Figure 3. Autophagy and the endo-lysosomal pathway in ECs differentially modulate the secretion and expression of factors involved in EC-PC interaction. (A) Cell culture supernatant of 25 μM CQ-treated and untreated HUVECs was analyzed with a Proteome Profiler Human Angiogenesis Antibody array. Volcano plot indicates the fold change and p-value of the dot densitometry (n = 3). (B) Fold change of selected proteins involved in EC-PC recruitment or differentiation are plotted with each dot representing an individual experiment. (C,D) PDGFB and EDN1 gene expression was analyzed in HUVECs treated with CQ, DAPT or DMSO (vehicle control for DAPT) (n = 3), or, HUVECs expressing non-targeting (shScrambled) or ATG5-targeting (shATG5) shRNA (n = 5). (B–D), mean ± SEM.

Next, to evaluate whether these effects were caused by changes in the expression of these relevant angiogenesis mediators, we performed quantitative-PCR analysis. This analysis indicated that already after 24 h of CQ treatment PDGFB mRNA abundance increased which is in sync with its increased secretion. Interestingly, DAPT treatment could not reverse the effect of CQ on the transcript levels (Figure 3C), suggesting that NICD is not a mediator of these CQ-dependent effects. In contrast to CQ treatment, PDGFB expression was not affected in autophagy-incompetent HUVECs (Figure 3D). Also, we only observed a mild increase in PDGF-AB/BB abundance in shATG5 HUVEC supernatant as compared to the shScrambled control (Supplementary Figure 6B). Further, CQ treatment significantly reduced EDN1 mRNA expression, again in line with its secretion (Figure 3C), whereas it was non-significantly upregulated in ATG5 knockdown cells (p-value = 0.07; Figure 3D).

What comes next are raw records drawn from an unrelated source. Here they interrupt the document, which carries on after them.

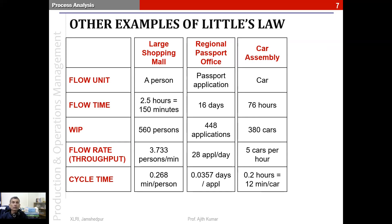The third context is a car assembly line where the car is the flow unit. If it takes about 76 hours on the assembly line from one end to the other and there are about 380 cars on the line at any given time, the average flow rate would be about five cars per hour, and the cycle time would be about 0.2 hours — or 12 minutes between consecutive cars entering or leaving the assembly line.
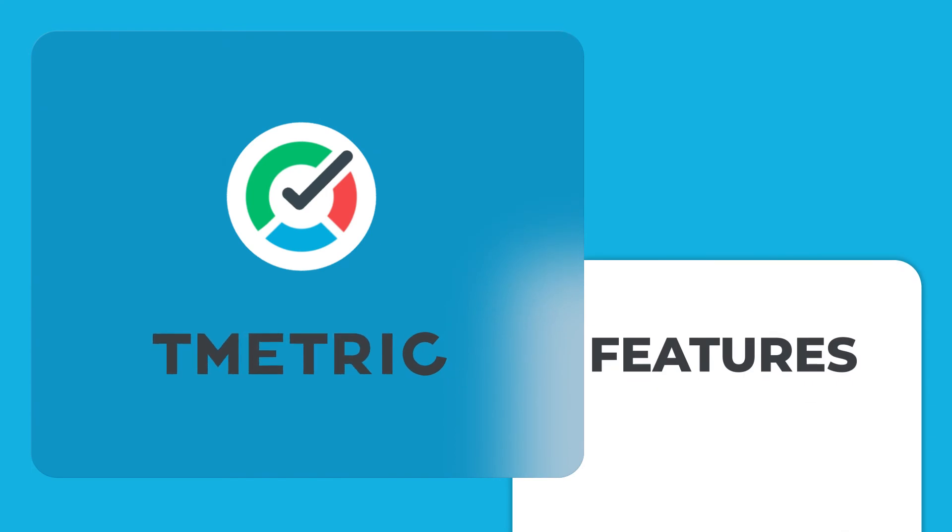T-Metric is a helpful solution that provides not only time tracking options, but a powerful set of features.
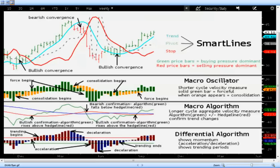The macro oscillator is a shorter cycle measure of velocity. This tells us a lot about the short-term force of the market. When green bars are evident, that's a forceful part of the move. When yellow becomes evident, we know prices are going to work sideways. Here we see yellow — prices working sideways — and here green prices working forcefully upward.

Thus, autophagy and the endo-lysosomal pathway in ECs differentially modulate the expression of factors such as EDN1 and PDGF-AB/BB that are crucially involved in EC-PC interface and signaling, in vitro.

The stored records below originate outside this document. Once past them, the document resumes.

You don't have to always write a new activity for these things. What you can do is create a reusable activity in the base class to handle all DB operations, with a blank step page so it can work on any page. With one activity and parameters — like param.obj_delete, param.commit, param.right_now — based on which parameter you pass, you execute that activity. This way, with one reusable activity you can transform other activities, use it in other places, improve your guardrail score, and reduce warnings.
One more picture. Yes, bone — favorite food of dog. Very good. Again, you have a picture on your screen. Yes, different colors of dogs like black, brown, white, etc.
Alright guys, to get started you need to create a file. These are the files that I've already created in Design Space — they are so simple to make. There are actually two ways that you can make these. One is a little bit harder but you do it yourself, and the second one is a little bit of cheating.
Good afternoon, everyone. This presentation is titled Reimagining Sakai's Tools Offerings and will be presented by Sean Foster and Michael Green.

CQ, but not Atg5^ECKO Increases Vessel Coverage by PDGFR-β⁺ Perivascular Cells In Tumors

The aforementioned observations are in line with the potential of tumor-associated ECs to increase vessel PC coverage in CQ-treated mice, but not in mice with the specific deletion of the Atg5 gene in endothelial cells (Atg5^ECKO), as compared to their controls [untreated (CTRL) or wild type (WT) counterparts, respectively]. This genetic mouse model was obtained through intercrossing Atg5^lox/lox mice with Cdh5-Cre mice as described before (10). Successful recruitment and proper coverage of PCs is required for mature vessels with reduced leakiness, improved perfusion, and vessel integrity. Indeed, in our previous studies we observed a dose-dependent increase of αSMA⁺ cells at tumor vessels by CQ treatment, with strongest effects observed up to 100 mg/kg/day, concomitant to improved vessel wall integrity. Notably, these improved vessel features were not induced in tumor-bearing Atg5^ECKO mice (10). To analyze whether cells recruited to tumor vessels in CQ-treated mice expressed PDGFR-β, thus suggesting their recruitment via a PDGF ligand/receptor-mediated signal, we conducted a double staining for platelet endothelial cell adhesion molecule-1 (PECAM1)/CD31 (hereafter called PECAM1), a pan-endothelial cell marker, and PDGFR-β. We observed that PECAM1⁺ vessels in untreated tumors were often low positive/negative for PDGFR-β and only few displayed high presence of PDGFR-β⁺ cells (mean = 7%). Remarkably, in tumors of mice treated with CQ (100 mg/kg/day) we found a significantly higher number of PECAM1⁺ vessels surrounded with PDGFR-β⁺ cells (mean = 43%) (Figures 4A,B). More specifically, the PDGFR-β signal was localized to cells adjacent to the PECAM1⁺ cells as indicated in cross-sectioned vessels (Figure 4C). Further analysis of B16F10 melanoma sections revealed that cells positive for PDGFR-β were overall positive for αSMA, thus suggesting a more differentiated PC phenotype (Figure 4D). In contrast, PECAM1 and PDGFR-β double staining in tumor sections of Atg5^ECKO mice did not show an increase in PDGFR-β⁺ cells covering tumor vessels, as compared to control (Figures 4E,F).

FIGURE 4

Figure 4. CQ treatment increases tumor vessel coverage of PDGFR-β⁺ cells, but not by endothelial specific Atg5 knockout. (A,C,E) B16F10 melanoma tissue sections were analyzed for PDGFR-β (red) and PECAM1 (green) expression by immunohistochemistry. B16F10 melanomas were harvested from CQ-treated (100 mg/kg/day), Atg5^ECKO mice or their respective controls. DAPI was used as counterstaining for nuclei. PECAM1⁺ vessels were scored negative (N), low (L), or high (H) for PDGFR-β. (B,F) In the graphs, each dot represents the average of at least five images made from a tumor section at 10x magnification. (C) Representative image of a cross-sectioned vessel in a B16F10 melanoma of a CQ (100 mg/kg/day) treated mouse. (D) Representative image of B16F10 melanoma tissue section stained for PDGFR-β (green), αSMA (red), and nuclei (blue). (B,F) mean ± SEM.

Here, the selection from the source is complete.